History - The Catholic Reconquest


The Reconquista is the period of the Iberian Peninsula's history between the Battle of Covodonga (c.718), the first victory of Christian military forces since the Islamic Invasion, and the eventual fall of the Islamic kingdom of Granada in 1492.

Umayyad caliphate collapsed due to civil war in 1031 and the iberian territory was divided up into independent states called taifas. Without a united front they could not defend themselves against incursions by Christian forces. These Christian raids finally became conquests and in the end the taifas had to request help from the Almoravids in northern Africa.
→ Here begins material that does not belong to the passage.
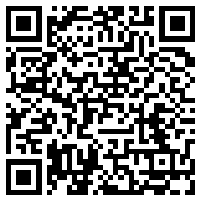QR Code for bitcoin:bitcoin:bitcoin:dash:Xxnyc8SfteyZD2k9o1ADBi87UbjGdCRgZH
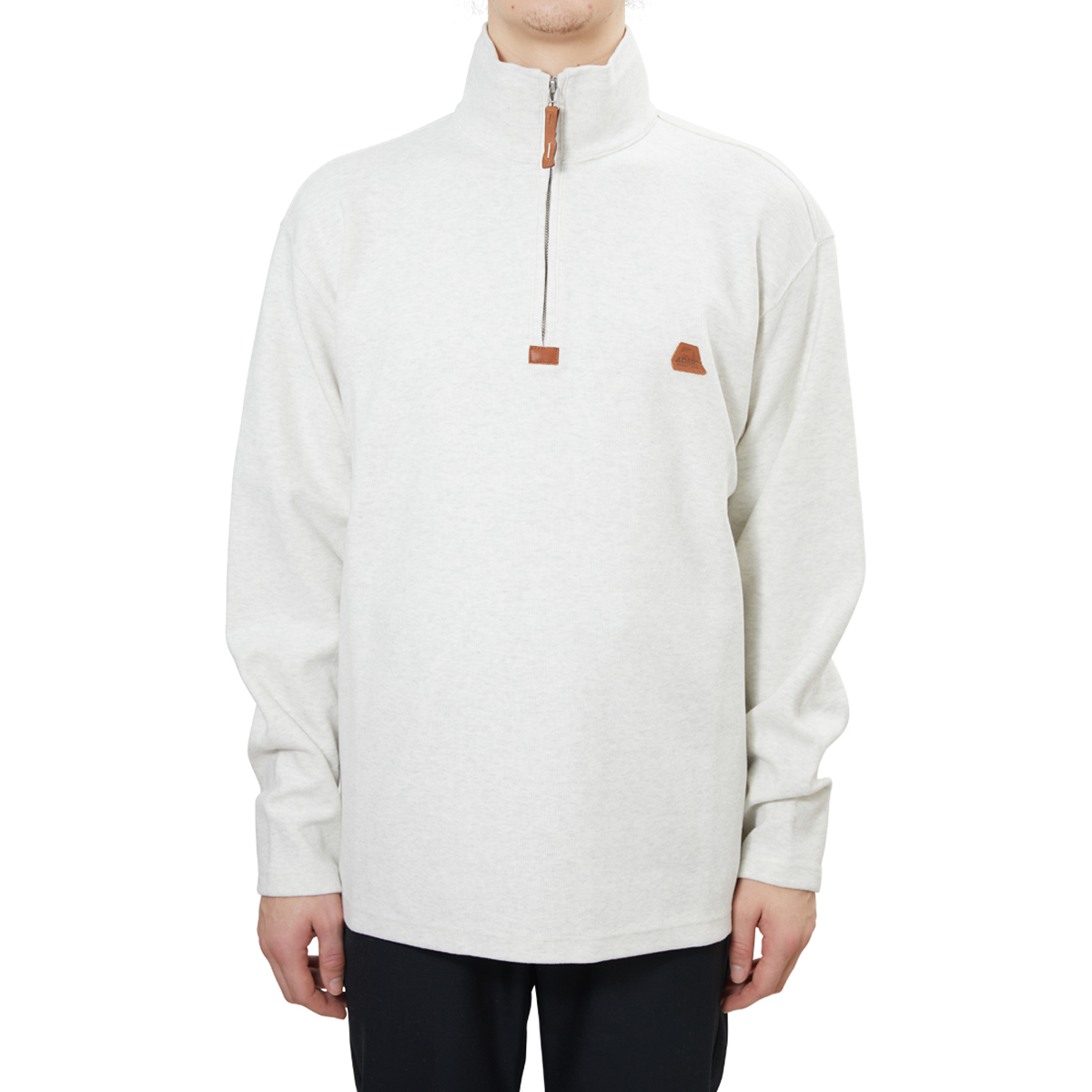 ADER Error Aspect Anorak Jacket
The In the mid-12th century, the Almoravid dynasty in Morocco, which ruled most of Iberian Peninsular, was overthrown by a different dynasty: the Almohads. By 1150, these Berbers from the Atlas Mountains had conquered the Islamic part of the Iberian Peninsula  that was known to the Muslems as Al-andalus and to the Christians by the Castilian translation of La Andalucia.


The Christian kingdoms to the north were too well-established and prepared to be conquered by the Almohads and, despite some minor forays into 'alien' territories, the Almohads made no long-term advances against them. In 1212, Muhammed III (Al-Nasir) was finally defeated by King Alfonso VIII of Castile at the Battle of Las Navas de Tolosa, initiating the rapid decline of Almohad dominance. Alfonso VIII then returned north to confront the Almohads near Toledo, in 1213.


After the death of Yusuf II in 1224, a crisis of succession arose in the Almohad Caliphate ('state'). Claimant Aballah al-Adil declared himself Almohad Caliph and quickly seized Seville, but as he turned his attention to the succession in the African regions of the Caliphate, Fernando III of Castile, heir to Alfonso in 1217, seized his opportunity.

Fernando continued his predecessor's work, ravaging the regions of Jaen and Vega de Granada, and fighting the Almohads in the Guadalquivir Valley. He captured Cordoba in 1236, Jaen in 1246, and Seville in 1248; he then took Arcos, Medina Sidonia, Jerez and Cadiz. His death in 1252 prevented the Castilians from crossing the Gibraltar Straits and taking the war to the African heartland of the Almohad empire.

Meanwhile, the Mediterranean coast of today's Andalucía remained under Moorish occupation. This region approximately comprised the present-day Almeria, Granada and Malaga provinces. Muslims fled to the Taifa of Granada (essentially a Muslim principality) after their towns and cities were recaptured by Christian forces.

The last Islamic rulers of Al-Andalus in Granada were the Nasrids, who controlled the region for the 13th and 14th centuries, and in that time built the Alhambra palace.

The territories captured by the Crown of Castile during the latter part of the Reconquista became known as the Kingdoms of Andalucía (Reinos de Andalucía). These were delineated in line with the former Moorish 'taifas', and comprised the Kingdoms of Cordoba (1236), Jaen (1246), Sevilla (1248) and later Granada (1492). (The Kingdoms stood until the post French reorganisation of Spain in 1833 when the present provinces were created).

Ferdinand III's successor in 1252 was Alfonso X, who fought a successful war with Portugal but had less success against Granada. The end of his reign in 1284 was marred by a civil war with his eldest surviving son, Sancho IV.

In 1293, at the request of the council of the Kingdom of Sevilla, King Sancho constructed castles to fortify an area in present-day Sierra de Aracena against possible Portuguese advances, and to protect the population from bandits. Because this area had been repopulated by people from Galicia and Leon, the defensive line was called the Banda Gallego.


The marriage of Catholic Monarchs (Los Reyes Católicos) Isabella I of Castile and Ferdinand II of Aragon in 1469 united medieval Spain by joining their two great houses. Between them, they controlled vast tracts of the Iberian Peninsula. References to these monarchs can be seen across Andalucía today, as their reign marked a major turning point in the history, fortunes and power of Spain. They are buried in the Royal Chapel of Granada Cathedral.

Isabella and Ferdinand lead the Granada War, starting in 1482 and concluding with the siege and Battle of Granada in 1491. On 25 November that year, Muhammad XII (called 'Bobadil' by the Spanish), the last Nasrid ruler of Granada, signed the Treaty of Granada; by January 1492 the city had been relinquished to Christian rule. This signalled the end of Islamic power on the Iberian Peninsula.

This was the same year that Christopher Columbus sailed to the New World.